Exercise: Go through the data and copy every line in which "glass" appears.

Available data:
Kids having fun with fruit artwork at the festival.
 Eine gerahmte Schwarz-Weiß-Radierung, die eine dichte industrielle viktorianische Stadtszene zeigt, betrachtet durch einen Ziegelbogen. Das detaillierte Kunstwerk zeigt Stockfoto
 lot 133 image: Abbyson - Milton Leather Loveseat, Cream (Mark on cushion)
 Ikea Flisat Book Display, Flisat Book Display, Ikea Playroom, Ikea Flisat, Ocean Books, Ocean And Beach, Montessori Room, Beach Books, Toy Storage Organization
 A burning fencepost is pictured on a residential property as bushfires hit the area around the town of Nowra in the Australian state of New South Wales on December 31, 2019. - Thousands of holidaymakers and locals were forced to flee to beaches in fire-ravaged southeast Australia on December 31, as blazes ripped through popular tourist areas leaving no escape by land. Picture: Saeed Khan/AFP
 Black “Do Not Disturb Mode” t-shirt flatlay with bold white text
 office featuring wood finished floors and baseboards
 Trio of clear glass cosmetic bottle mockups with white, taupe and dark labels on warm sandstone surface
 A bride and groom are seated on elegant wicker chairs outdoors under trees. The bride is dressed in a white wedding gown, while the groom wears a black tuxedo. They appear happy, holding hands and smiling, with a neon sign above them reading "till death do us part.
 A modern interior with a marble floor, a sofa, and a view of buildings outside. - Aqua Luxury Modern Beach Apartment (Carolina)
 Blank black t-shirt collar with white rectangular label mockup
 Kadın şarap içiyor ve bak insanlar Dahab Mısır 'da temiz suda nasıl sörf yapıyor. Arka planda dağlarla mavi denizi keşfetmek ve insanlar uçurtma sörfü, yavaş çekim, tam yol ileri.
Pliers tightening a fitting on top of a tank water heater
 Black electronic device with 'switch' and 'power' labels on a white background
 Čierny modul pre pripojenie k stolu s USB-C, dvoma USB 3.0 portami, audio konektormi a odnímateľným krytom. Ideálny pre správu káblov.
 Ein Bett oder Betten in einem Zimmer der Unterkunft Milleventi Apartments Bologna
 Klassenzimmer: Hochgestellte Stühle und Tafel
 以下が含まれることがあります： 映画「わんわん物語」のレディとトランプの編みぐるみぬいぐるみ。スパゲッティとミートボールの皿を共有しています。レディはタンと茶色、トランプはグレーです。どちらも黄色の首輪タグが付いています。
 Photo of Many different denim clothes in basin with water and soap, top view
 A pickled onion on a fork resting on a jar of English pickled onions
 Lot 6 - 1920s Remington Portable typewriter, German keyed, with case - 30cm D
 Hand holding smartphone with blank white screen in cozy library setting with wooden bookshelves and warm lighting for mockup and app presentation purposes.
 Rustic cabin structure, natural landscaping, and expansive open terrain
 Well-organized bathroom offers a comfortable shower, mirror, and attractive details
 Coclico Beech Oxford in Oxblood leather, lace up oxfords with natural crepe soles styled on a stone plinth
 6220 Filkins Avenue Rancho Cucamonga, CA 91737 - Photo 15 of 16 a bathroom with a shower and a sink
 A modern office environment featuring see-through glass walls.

Response below:
 Trio of clear glass cosmetic bottle mockups with white, taupe and dark labels on warm sandstone surface
 A modern office environment featuring see-through glass walls.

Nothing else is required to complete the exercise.